Nevertheless, the hearing will be an opportunity for Committee members to set a clear Senate agenda for the future of U.S. relations with Britain after it leaves the European Union. The Committee should emphasize that the fundamental interest of the U.S. is for the U.K.’s departure to happen as quickly and cleanly as possible. After the U.K. exits, it will regain the freedom to negotiate its own trade agreements, and the U.S. should then move rapidly to formally conclude a free trade agreement with it.
The Committee should also recognize that the many U.S. interests in Europe that do not relate to the EU – including, most importantly, NATO – will not be harmed by Brexit. Indeed, Brexit offers an opportunity for the U.S. to emphasize the value it attaches to its bilateral relationships across Europe, and to make it clear that if the EU continues to seek to supplant NATO, it will further weaken the transatlantic security alliance.

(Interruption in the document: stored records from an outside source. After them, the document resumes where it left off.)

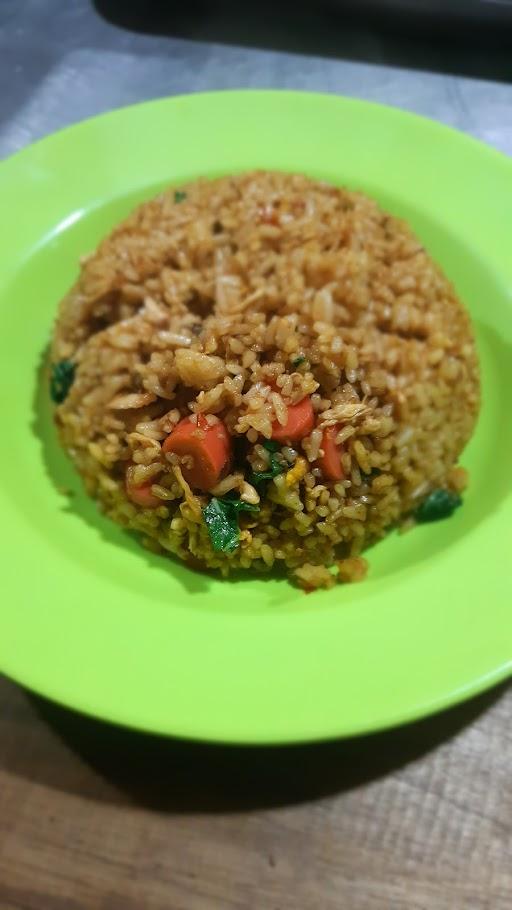 NASI GORENG KLANGENAN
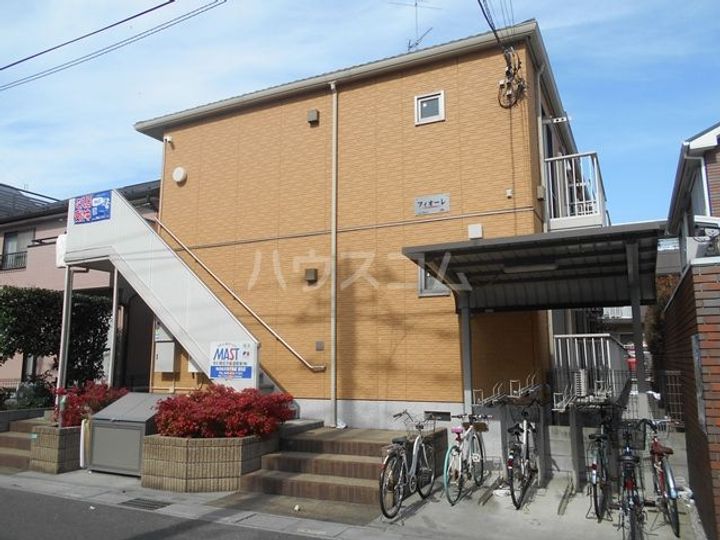 フィオーレの外観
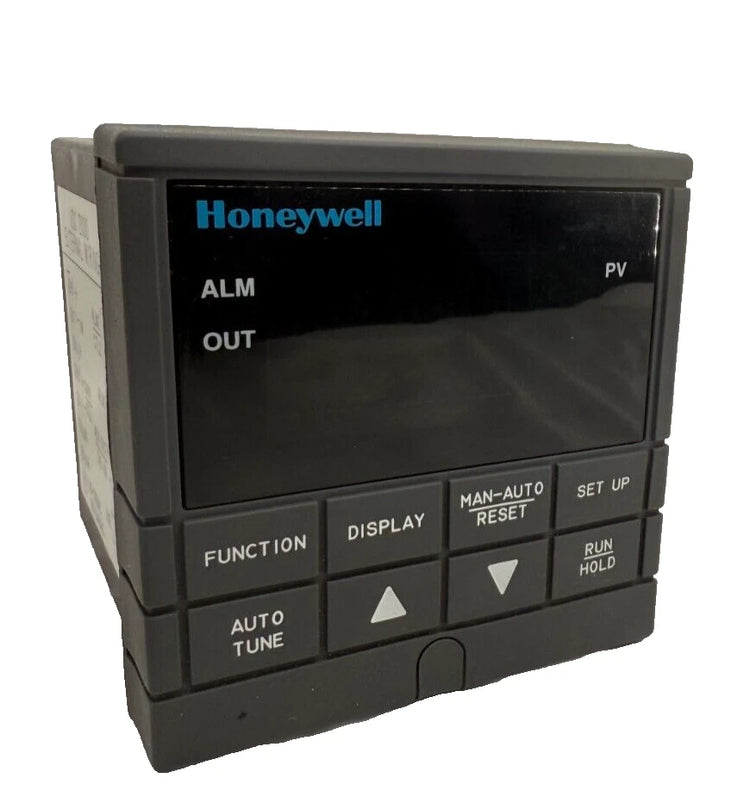 DC200C-2-000-1C0000-0 | Honeywell Universal 1/4 DIN Temperature/Process Controller, Relay Output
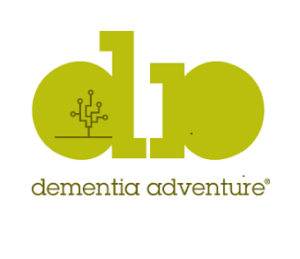 Dementia adventure logo
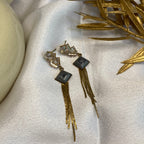 Antitarnish Earrings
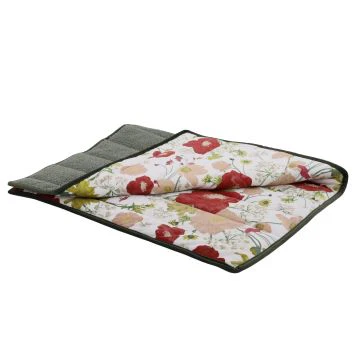 Good Teddy Couverture Verte pour Chiens 70x100cm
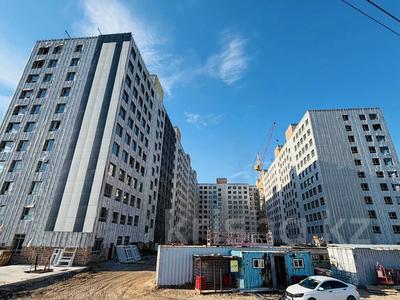 2-комнатная квартира · 38.8 м² · 5/9 этаж, Е-128 1 за 12.7 млн ₸ в Астане, Нура р-н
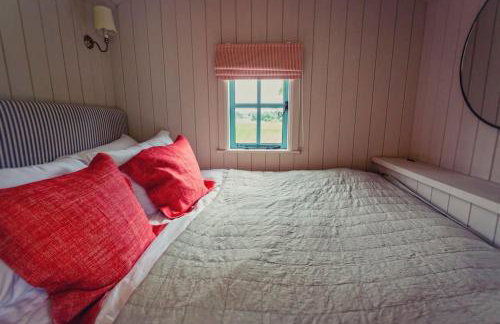 Luxury hut on the River Arle - Foto 13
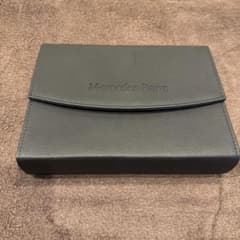 メルセデス　ベンツ　ゲレンデ　G350d取扱説明書のサムネイル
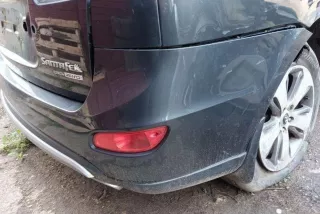 art13192617 Бампер задний Hyundai Santa FE 1 (SM) Арт 13192617, вид 3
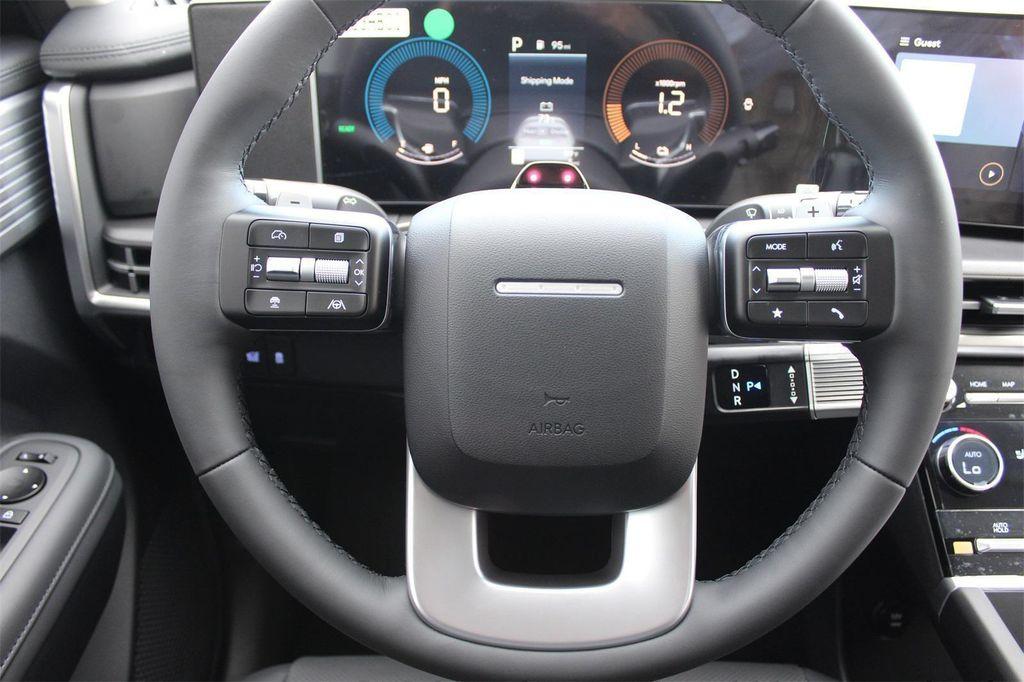 new 2026 Hyundai Santa Fe car, priced at $39,995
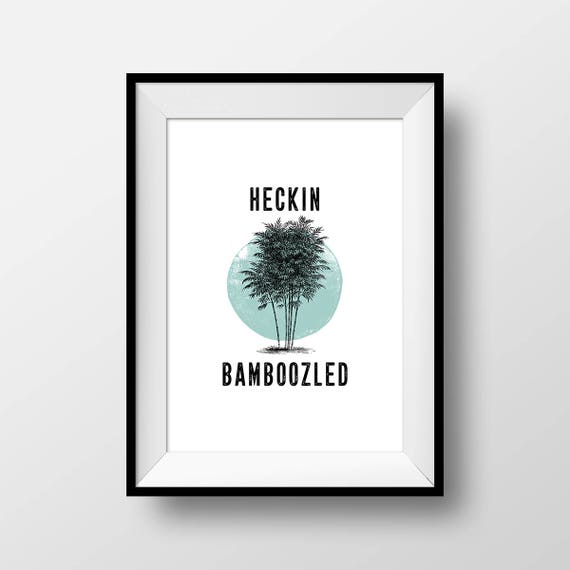 pic Bamboo Puns etsy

Especially in the waning days of the current administration, Senate leadership on these vital questions is urgently necessary.
Brexit Is Going To Happen
On June 23, 2016, the British people voted in a national referendum on the future of British membership of the EU. On a turnout of 71.8 percent, 52 percent voted to leave the EU. More people in Britain supported Brexit than have ever voted for any British political party.
The vote led to the resignation of Prime Minister David Cameron, and his replacement by current Prime Minister Theresa May. Behind her is a strong Conservative government which includes many of the leading backers of Brexit. While May herself quietly supported Remain, she has stated that her government will respect the result of the referendum. In her words, “Brexit means Brexit.”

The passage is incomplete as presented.